El acné es una patología relacionada con los folículos pilosos, concretamente con la glándula sebácea, estructura encargada de producir un material graso que mantiene mantienes las condiciones físico-químicas de la piel, así como agente bactericida que frena la proliferación bacteriana.

En algunas ocasiones, y debido a múltiples factores, cambian las condiciones de eses material graso (o sebo), haciéndose más espeso o aumentando su secrección. Este fenómeno, sumado al engrosamiento de la capa córnea (o de células muertas de la epidermis), produce un taponamiento de dichos folículos pilosos, favoreciendo la proliferación bacteriana (propinebacterium acneiforme), la inflamación e infección focal, que tras su resolución, puede dejar secuelas en forma de cicatrices.
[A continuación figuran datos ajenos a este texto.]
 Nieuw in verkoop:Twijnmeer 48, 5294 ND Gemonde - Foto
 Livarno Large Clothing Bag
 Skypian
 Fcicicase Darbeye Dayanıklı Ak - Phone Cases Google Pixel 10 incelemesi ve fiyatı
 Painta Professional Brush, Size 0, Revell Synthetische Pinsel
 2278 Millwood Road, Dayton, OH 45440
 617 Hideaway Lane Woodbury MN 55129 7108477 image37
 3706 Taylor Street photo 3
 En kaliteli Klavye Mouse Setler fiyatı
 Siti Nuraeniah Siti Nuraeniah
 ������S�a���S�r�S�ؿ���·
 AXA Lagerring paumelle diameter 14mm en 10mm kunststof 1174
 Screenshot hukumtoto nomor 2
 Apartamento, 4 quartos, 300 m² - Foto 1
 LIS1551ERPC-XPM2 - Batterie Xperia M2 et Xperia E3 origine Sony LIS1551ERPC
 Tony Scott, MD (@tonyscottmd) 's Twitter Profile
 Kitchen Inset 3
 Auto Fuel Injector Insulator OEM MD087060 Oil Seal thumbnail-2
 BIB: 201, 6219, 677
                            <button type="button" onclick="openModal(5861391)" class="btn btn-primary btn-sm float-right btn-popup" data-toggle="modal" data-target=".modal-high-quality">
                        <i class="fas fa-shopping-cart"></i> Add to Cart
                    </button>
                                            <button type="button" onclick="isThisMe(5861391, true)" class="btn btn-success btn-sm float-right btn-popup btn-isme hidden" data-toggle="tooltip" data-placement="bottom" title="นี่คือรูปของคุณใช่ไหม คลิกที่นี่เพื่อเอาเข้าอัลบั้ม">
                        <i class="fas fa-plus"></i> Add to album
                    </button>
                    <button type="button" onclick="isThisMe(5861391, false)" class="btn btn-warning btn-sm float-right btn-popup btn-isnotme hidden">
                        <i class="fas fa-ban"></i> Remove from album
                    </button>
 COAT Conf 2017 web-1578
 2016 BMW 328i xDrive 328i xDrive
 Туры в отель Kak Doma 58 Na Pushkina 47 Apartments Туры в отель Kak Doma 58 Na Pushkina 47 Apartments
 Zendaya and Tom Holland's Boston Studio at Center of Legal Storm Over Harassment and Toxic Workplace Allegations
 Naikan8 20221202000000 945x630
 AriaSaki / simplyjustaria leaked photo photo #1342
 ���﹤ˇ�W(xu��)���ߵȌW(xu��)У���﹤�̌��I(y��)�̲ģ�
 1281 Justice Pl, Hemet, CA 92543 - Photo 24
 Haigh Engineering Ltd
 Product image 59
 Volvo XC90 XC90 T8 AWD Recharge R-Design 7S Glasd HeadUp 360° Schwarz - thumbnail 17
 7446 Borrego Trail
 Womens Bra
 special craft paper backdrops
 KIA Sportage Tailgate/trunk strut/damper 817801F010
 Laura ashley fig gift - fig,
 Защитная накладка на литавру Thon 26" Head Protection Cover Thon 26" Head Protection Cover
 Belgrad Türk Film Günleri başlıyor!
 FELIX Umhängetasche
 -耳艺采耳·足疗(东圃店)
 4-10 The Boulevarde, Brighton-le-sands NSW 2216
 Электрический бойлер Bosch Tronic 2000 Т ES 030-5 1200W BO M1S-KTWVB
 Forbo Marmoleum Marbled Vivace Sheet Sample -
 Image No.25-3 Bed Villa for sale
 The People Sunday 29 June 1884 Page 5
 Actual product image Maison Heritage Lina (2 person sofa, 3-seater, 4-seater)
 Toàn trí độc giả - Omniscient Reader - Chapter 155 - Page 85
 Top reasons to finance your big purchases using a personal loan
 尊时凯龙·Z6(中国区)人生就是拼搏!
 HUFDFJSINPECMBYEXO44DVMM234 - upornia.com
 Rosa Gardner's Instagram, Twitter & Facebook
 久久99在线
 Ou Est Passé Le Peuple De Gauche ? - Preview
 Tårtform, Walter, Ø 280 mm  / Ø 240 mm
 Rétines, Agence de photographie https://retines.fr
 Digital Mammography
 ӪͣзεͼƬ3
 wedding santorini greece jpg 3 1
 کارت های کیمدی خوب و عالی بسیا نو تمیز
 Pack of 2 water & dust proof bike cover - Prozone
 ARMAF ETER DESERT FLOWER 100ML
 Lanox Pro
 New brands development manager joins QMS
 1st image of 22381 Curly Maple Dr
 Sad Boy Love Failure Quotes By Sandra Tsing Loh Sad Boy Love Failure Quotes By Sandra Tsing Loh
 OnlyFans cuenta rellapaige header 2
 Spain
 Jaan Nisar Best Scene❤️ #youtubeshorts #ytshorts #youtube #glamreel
Entre los factores que favorecen la enfermedad acneica podemos mencionar:
- HORMONALES: Los cambios hormonales (sobre todo los de hormonas sexuales), producen aumentos de la secrección de sebo y aumento del grosor de la epidermis. Son más frecuentes durante la pubertad y adolescencia, en mujeres con ovarios poliquísticos.
- HEREDITARIOS Y/O GENÉTICOS: Frecuentemente se detectan casos familiares.
- AMBIENTALES: Los ambientes con más polución, el grado de humedad ambiental, la exposición solar uva, suelen favorecer la aparición o cronificación de esta enfermedad.
- NUTRICIONALES: La ingesta de agua, y el consumo de algunos tipos de alimentos o carencia/exceso de micronutrientes, favorece la aparición de acné.
- PERSONALES Y COSMÉTICOS: El estrés, los habitos de higiene, el uso de determinados cosméticos, hábitos tóxicos, están relacionados con la predisposición a padecer acné.
El acné puede aparecer en cualquier zona del tegumento, siendo más frecuentes las regiones: facial, espalda, tórax, hombros y brazos. Al tener un origen multifactorial que deriva en una alteración dermatológica, el abordaje terapeútico debe ser pautado, en muchos casos, por diferentes especialidades médicas (dermatología, ginecología, endocrinología, medicina estética…). Desde la Medicina Estética, podemos crear unas condiciones idóneas en la piel para disminuir la intensidad de los brotes, así como sus consecuencias, al igual que trataremos las secuelas cicatrizales.
Nos ocuparemos de aspectos tan importantes como la micronutrición y el asesoramiento médico-cosmético, tan importantes en el mantenimiento de la piel acneica.

Diagnóstico
Debemos de evaluar previamente parámetros como: nivel de hidratación, cantidad de sebo, cantidad y profundidad de las cicatrices y la concentración de pigmentos.